Analysis of gene expression in RNA samples of epithelial and stromal cells, after treatments of vehicle (control) (C), E2 (E), P4 (P), or E2 plus P4 (EP) in the nonadjacent coculture system. RNA samples were collected 6 and 48 h after treatments. A, Comparative RT-PCR. Total RNA was extracted and subjected to RT-PCR to achieve linear amplification with appropriate PCR cycle numbers, as indicated in Materials and Methods. Amplified DNA bands were visualized with ethidium bromide staining. B, Relative levels of gene expression.

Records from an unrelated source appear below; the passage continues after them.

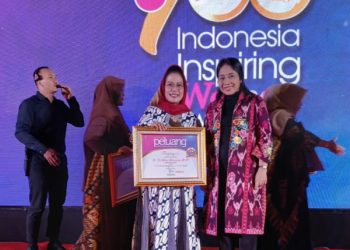 Sri Untari Bisawarno berhasil raih Indonesia Inspiring Women 2024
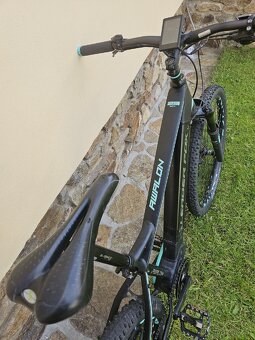 Horske elektrokolo Leader Fox Awalon ram 19.5 - 9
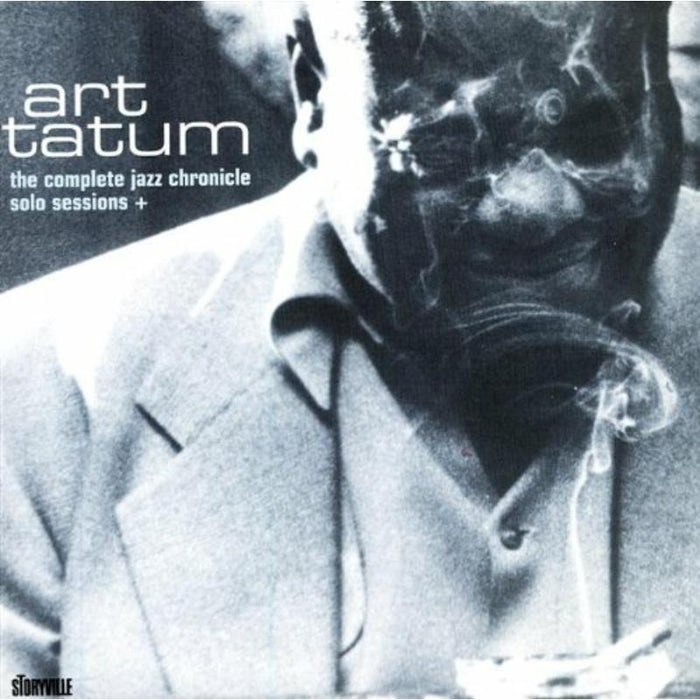 Art Tatum: The Complete Jazz Chronicle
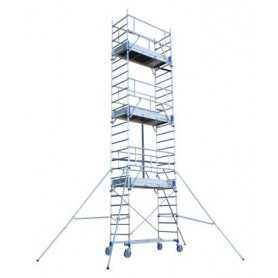 Échafaudages roulant aluminium Totem 2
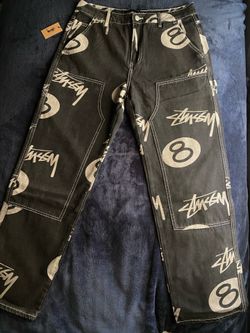 Stussy Pants Brand new size L
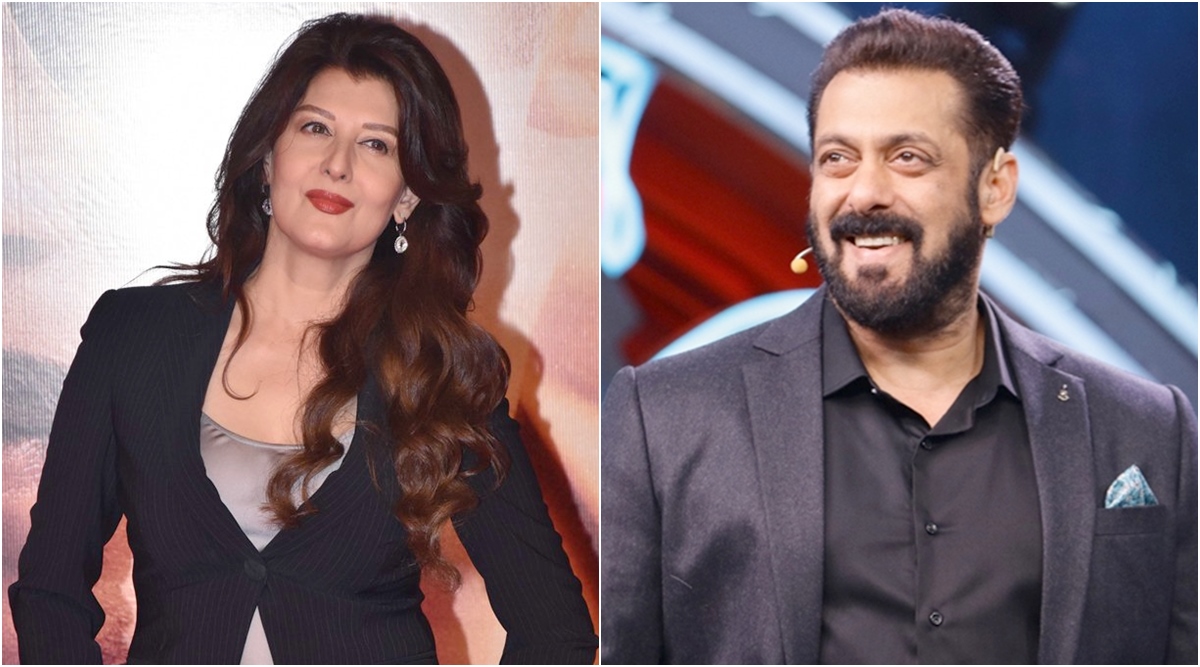Why did salman khan and sangeeta break up 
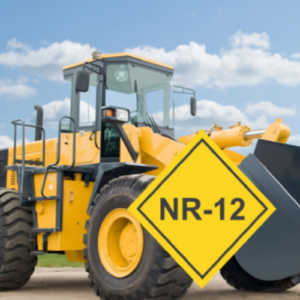 Operador de Maquinas Pesadas - NR 12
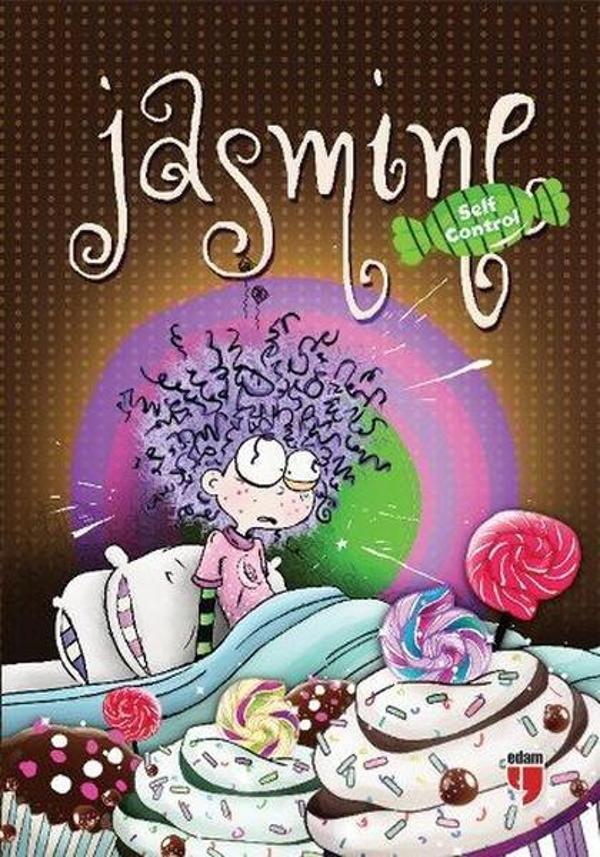 Jasmine Self Control - Edam Yayınevi - Image 1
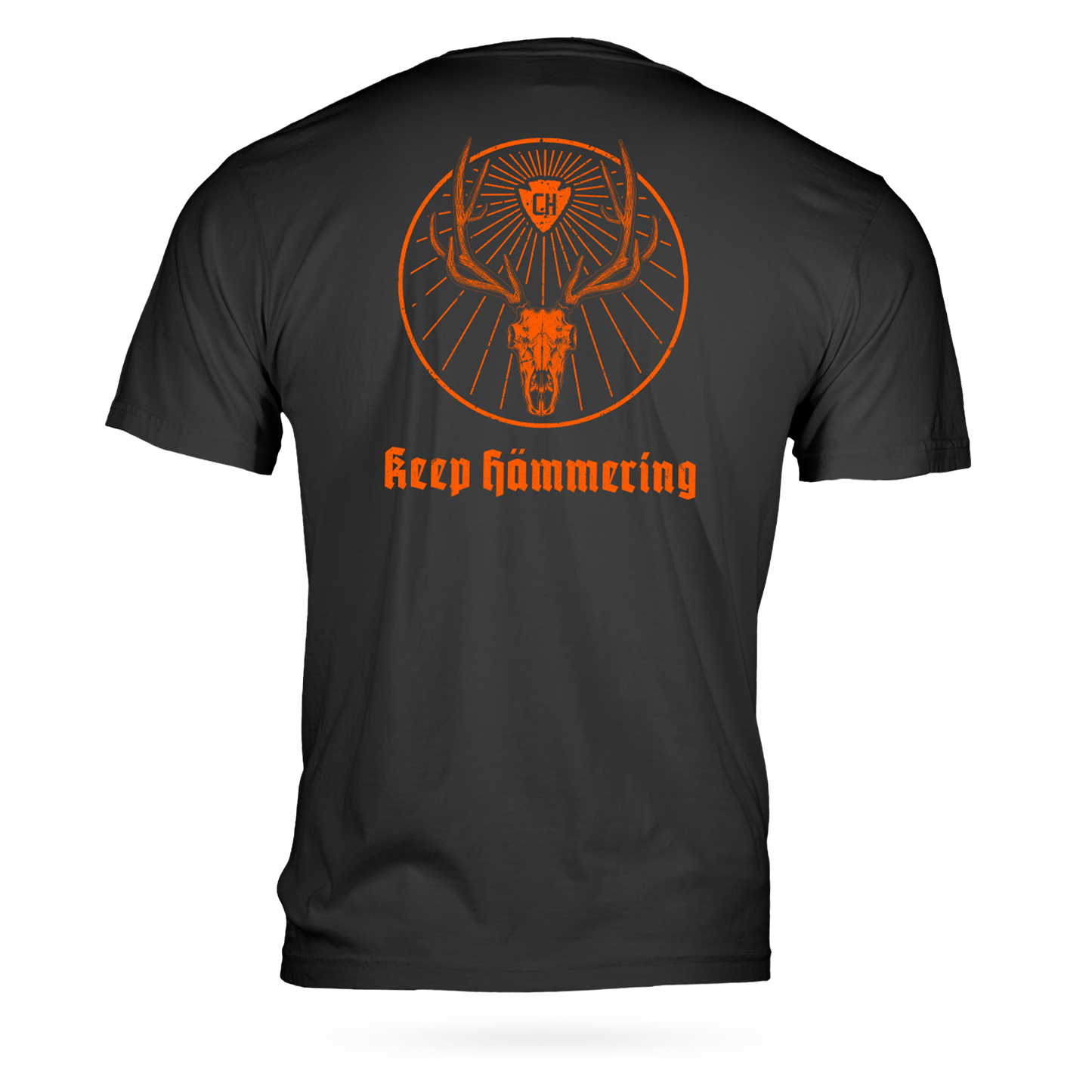 COLD SHOT T-SHIRT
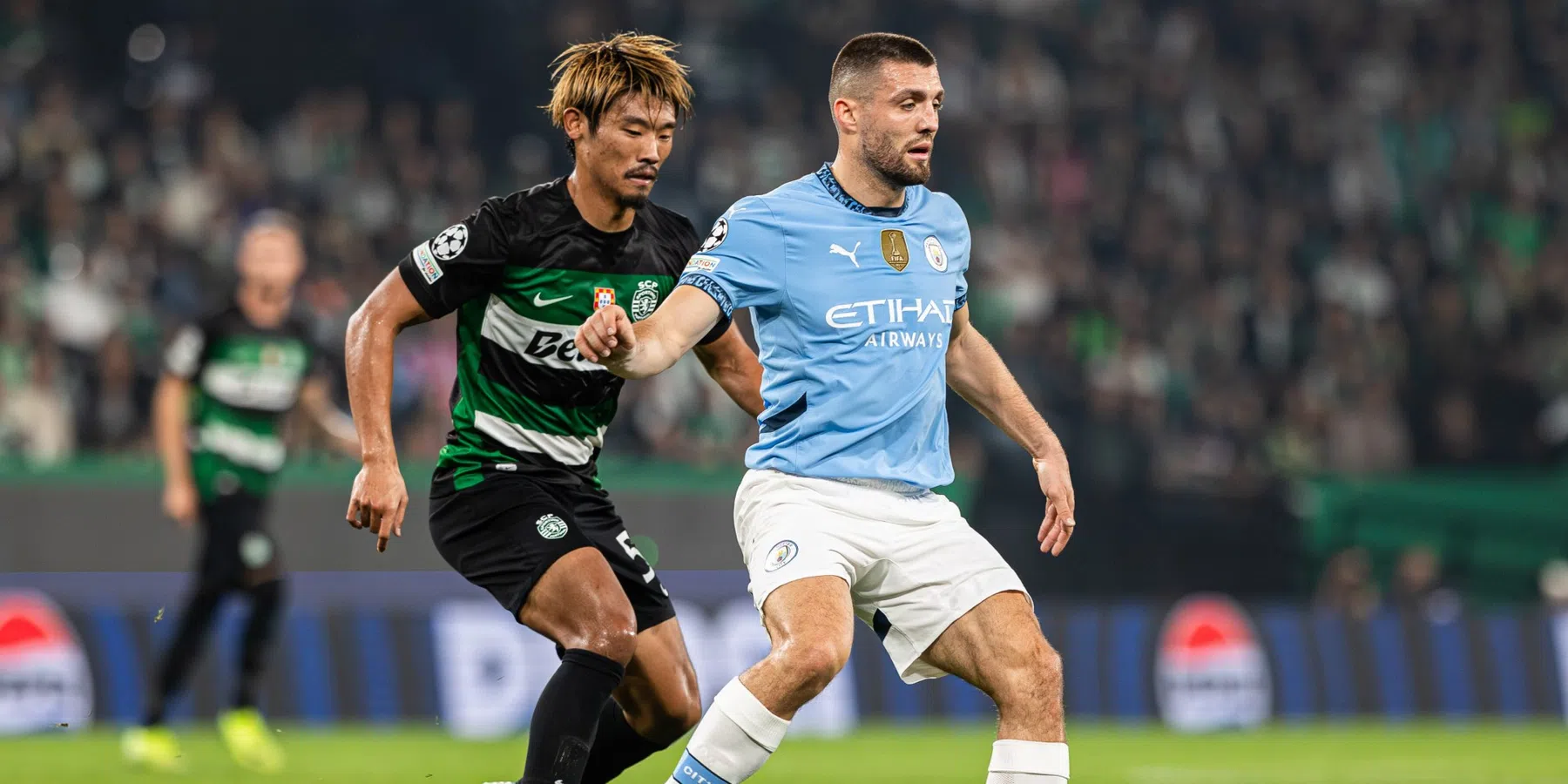 Manchester City mist Kovacic tegen Feyenoord in Champions League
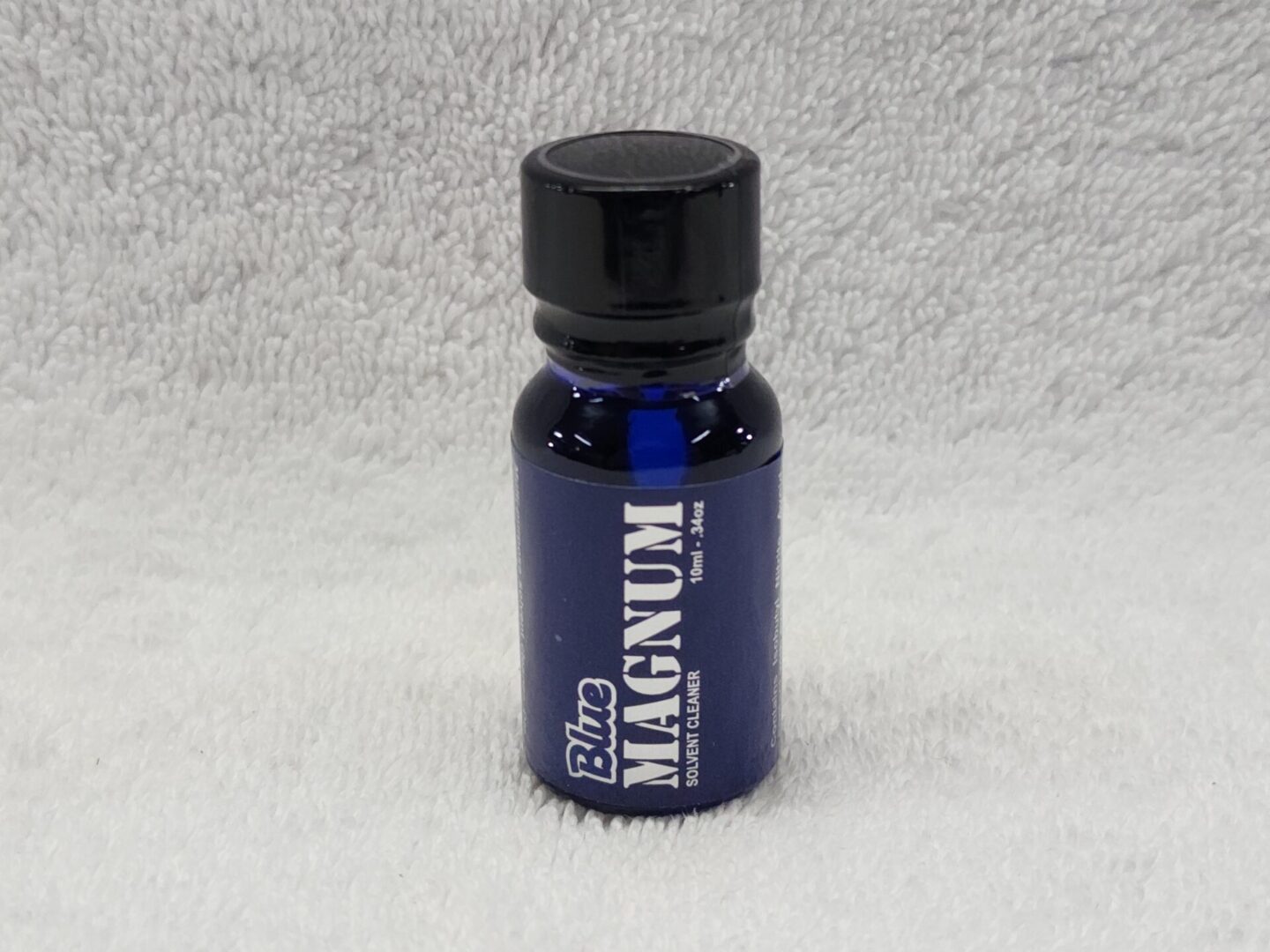 10ml Blue Magnum Cleaning Solvent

The band intensities were measured by densitometric analysis (ImageJ), and the relative levels of mRNA for gene-specific expression were determined after normalization with Rpl7 as a constitutive gene. These experiments were repeated at least three times with similar results.

Fig. 8.

The role of Bip on E2-induced epithelial cell proliferation in the nonadjacent coculture system. A, Analysis of Bip expression in epithelial and stromal cell layers, after treatments of vehicle (control) or E2 (10 nm) for 48 h. B, Western blot analyses of expression for Bip, GFP, and α-tubulin in epithelial and stromal cells after infections with rAdGFP or rAdBip(As) virus particles, in conjunction with E2 for 48 h. C, Confocal analysis of epithelial cell proliferation by incorporation of BrdU (red). 4′,6-diamidino-2-phenylindole (DAPI) (blue) was used to stain all nuclei. D, Quantitative analysis of cellular proliferation as shown in C. The data presented here represent the analysis of at least 1000 cells from each group. The error bars represent se. These experiments were repeated at least three times with similar results.